Jude Sabio, the lawyer behind the charges filed against President Rodrigo Duterte in the International Criminal Court (ICC), said Saturday that the government needs the Senate's approval in order to withdraw from the international body.
“Sa aking pananaw, kailangan ng approval at concurrence ng Senate dahil ang pag-enter ng Pilipinas sa isang treaty ay isang shared power ng presidente at Senado,” Sabio told radio DZMM.
“Kung silang dalawa ay papasok sa isang tinatawag nating treaty, silang dalawa rin dapat ang lumabas sa nasabing treaty.”
Presidential spokesperson Harry Roque earlier denied that the administration needs Senate approval and maintained that Duterte is not avoiding accountability.
“There is no obligation to do so . . . Is there anything that says executive needs to consult with the Senate when we withdraw from a treaty? None!” Roque said in a news conference Friday.
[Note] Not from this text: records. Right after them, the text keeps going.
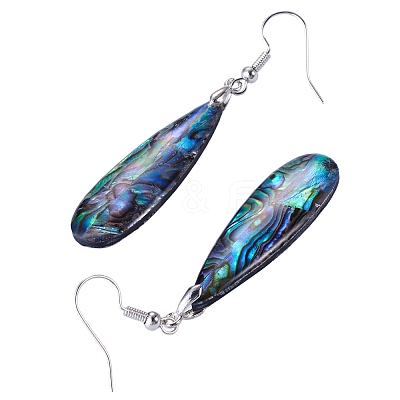 1 Pair Rack Plating Brass Natural Paua Shell Dangle Earrings EJEW-TA0001-86-1
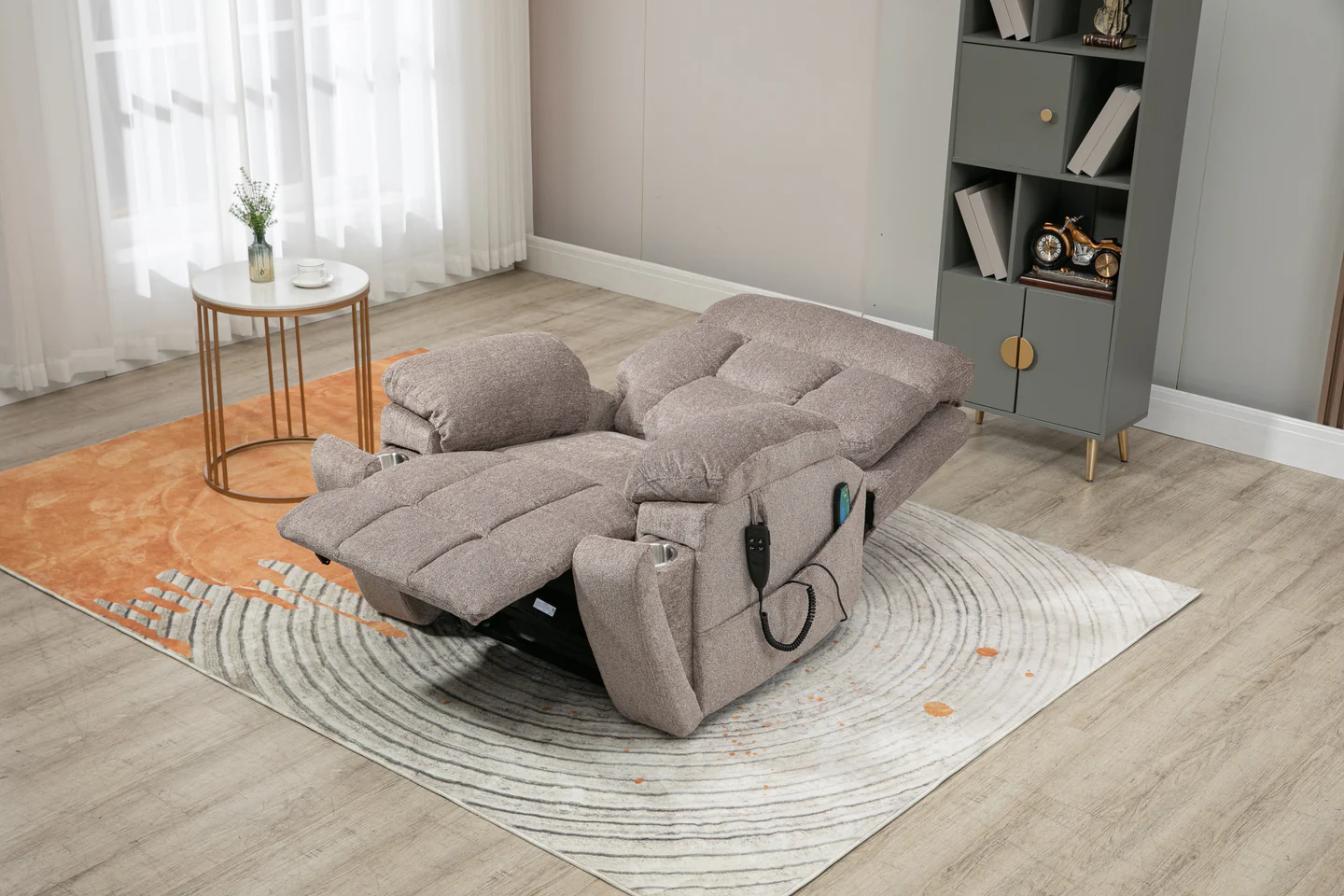 Castle 2.0 lay flat lift chair with heat and massage in light brown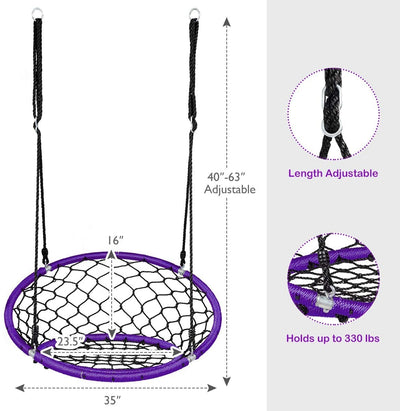 Net Hanging Swing Chair with Adjustable Hanging Ropes-Purple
“The reason why the Senate consent is not necessary is that the Constitution does not provide it’s necessary. That is a decision to be made by the president as chief architect of foreign policy.”
Although there is no constitutional provision stating that the Philippines' withdrawal from a treaty needs Senate approval, Sabio said it is necessary to hear the public's opinion.
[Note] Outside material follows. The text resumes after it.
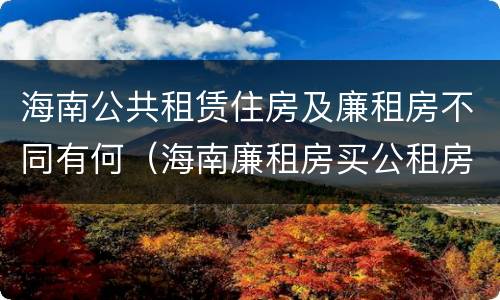 海南公共租赁住房及廉租房不同有何（海南廉租房买公租房后悔了）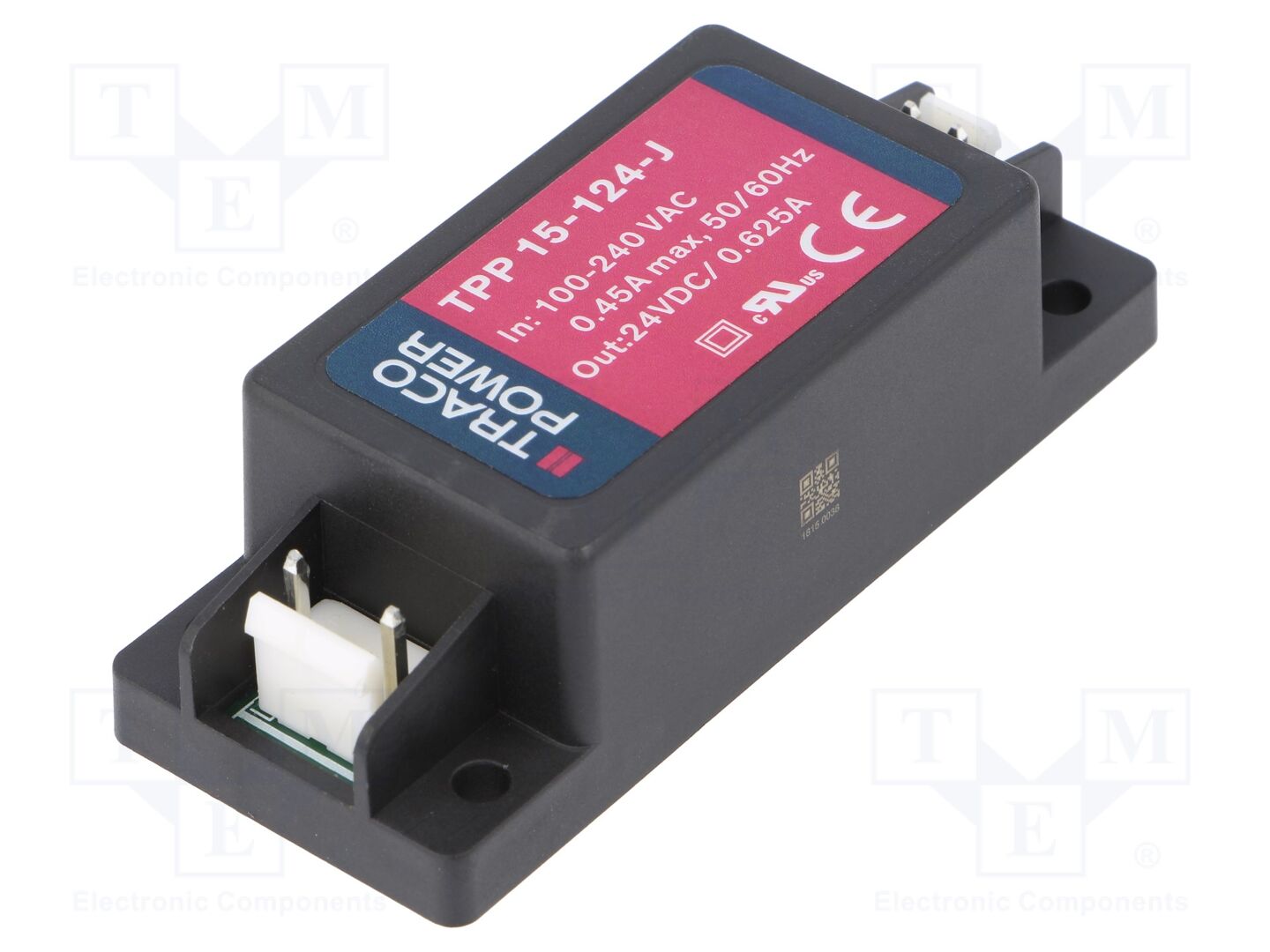 TRACO POWER TPP15-124-J Sisäänrakennettu kytkentävirtalähde 15W 24VDC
“Ang practical significance ay dapat nagkaroon muna ng public hearing sa Senado para marinig ang pananaw ng mga stakeholders kagaya ng Philippine Coalition for the International Criminal Court na nagtrabaho sa mahigit ng 11 taon para maging miyembro ang Pilipinas sa ICC,” he said.
“At pananaw ng iba pang grupo, civil society, simbahan. At ang pagpasok sa Rome Statue ay hindi lang ‘yan para kay Pangulong Duterte, para ‘yan sa buong bansa. Hindi dapat ganun kadali ‘yan.”
Sabio said senators should conduct an inquiry into the matter.
“Sa aking pananaw, dapat igiit ng opposition senators ‘yan sa Senado at magkaroon ‘yan ng talakayan. Kung pwede sana, dapat magkaroon yan ng public hearing,” he said.
“Kasi hindi naman puwede na hayaan na lang natin ang pangulo na unilaterally ay kakalas sa isang treaty lalo na sa isang sitwasyon natin ngayon na si Pangulong Duterte ay nakahabla sa ICC.
“It’s highly scandalous and anomalous that the very same president who is being charged in the ICC or who is being complained of, is the very one who is withdrawing from the Rome Statute.”
Last month, the ICC announced it will begin its “preliminary examination” into the communication filed by Sabio, senior government officials, and several police officers of committing crimes against humanity with his controversial war on drugs.
Duterte, known for his tough language, previously said he was ready to face the ICC and answer all the allegations against him. He later said the ICC can never have jurisdiction over him.
Created in 1998 through the Rome Statute, the ICC has jurisdiction over 124 of its members, including the Philippines.
The Philippines signed the Rome Statute on December 28, 2000 and ratified and endorsed it in August 2011, during the time of Duterte’s predecessor, President Benigno Aquino III.
The ICC is the first permanent institution having power to exercise jurisdiction over persons for the most serious crimes of international concern such as genocide, crimes against humanity, war crimes and crimes of aggression, and is seen to help end impunity for the perpetrators of these crimes.